We've all followed the building of Robert's beautiful house using skilled tradesmen and built to a high level of building codes.

Well, building a house in Haiti has a few differences. I'm involved in building the house because I am a volunteer with a Canadian group that drills wells to provide fresh and safe drinking water to the majority of Hatians that often are drinking unsafe and polluted water.

We train Haitian crews to drill wells and install pumps but Canadian volunteers are still required to travel to Haiti and oversee such things as administration and the overhaul and repair of equipment.

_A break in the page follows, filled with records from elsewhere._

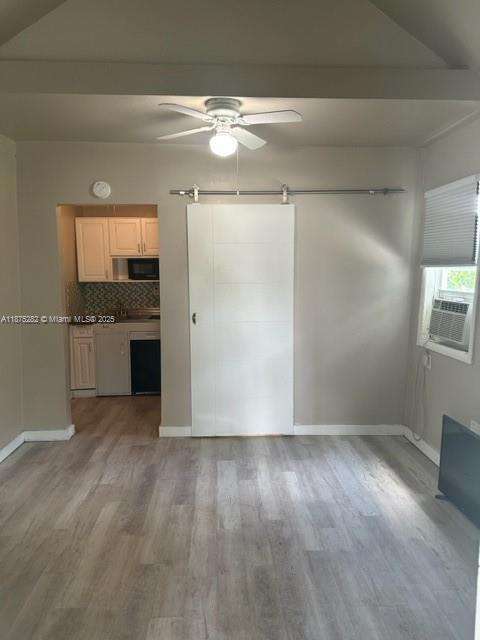Small Image of 622 SOUTH EAST 6TH CT, Fort Lauderdale Number 9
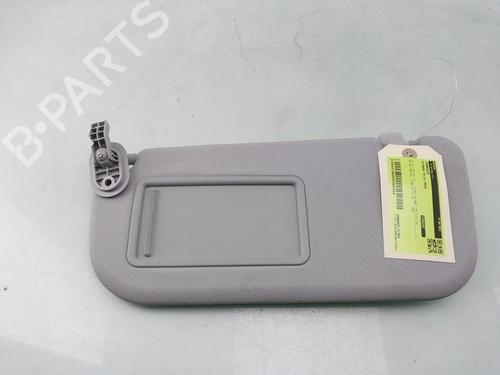 Otra HYUNDAI i10 III (AC3, AI3) 1.0 MPi (67 hp) 32667254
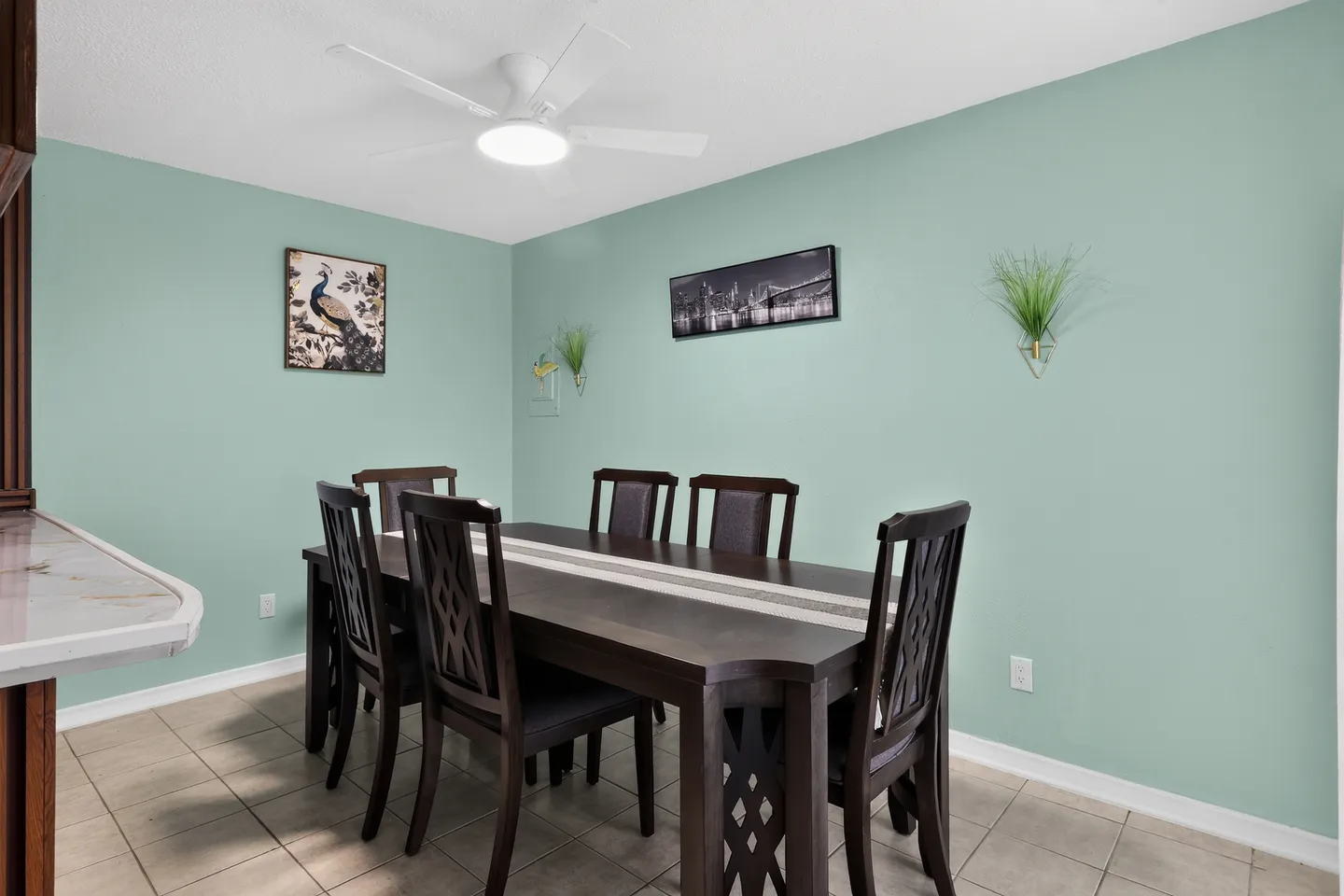 Home photo 10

We have leased an old rat infested farmhouse but have to be out by the end of March. Fortunately it withstood Saturday night's 5.9 earthquake without falling down. We have constructed a house of our own on several acres that we own. It is a walled compound, a bit of an understatement, at places it's 15' high. This is an all in one compound and also houses our stores and maintenance shop.

The building permit process in Haiti is remarkably simple and hassle free. You just start building, no need to submit plans etc. At some point the Mayor will come out to give his blessings for the project. That is after he looks at what's being built, decides on a value, in our case a nice round US$10,000 per floor and he has his the cash in hand. Hey, the bright side is that there aren't any property taxes. I said the process was simple, I didn't say cheap.

The house has two levels and is, in fact, a two level duplex with each level having two bathrooms and two bedrooms, a kitchen and living area as well as covered decks on two sides.

It was built with Haitian labor but to Canadian specs for concrete and rebar etc. My job was to wire it to Canadian standards. All wiring is surface run conduit and with 10' ceilings and one rickety ladder a bit of extra work. The high heat and humidity add another dimension.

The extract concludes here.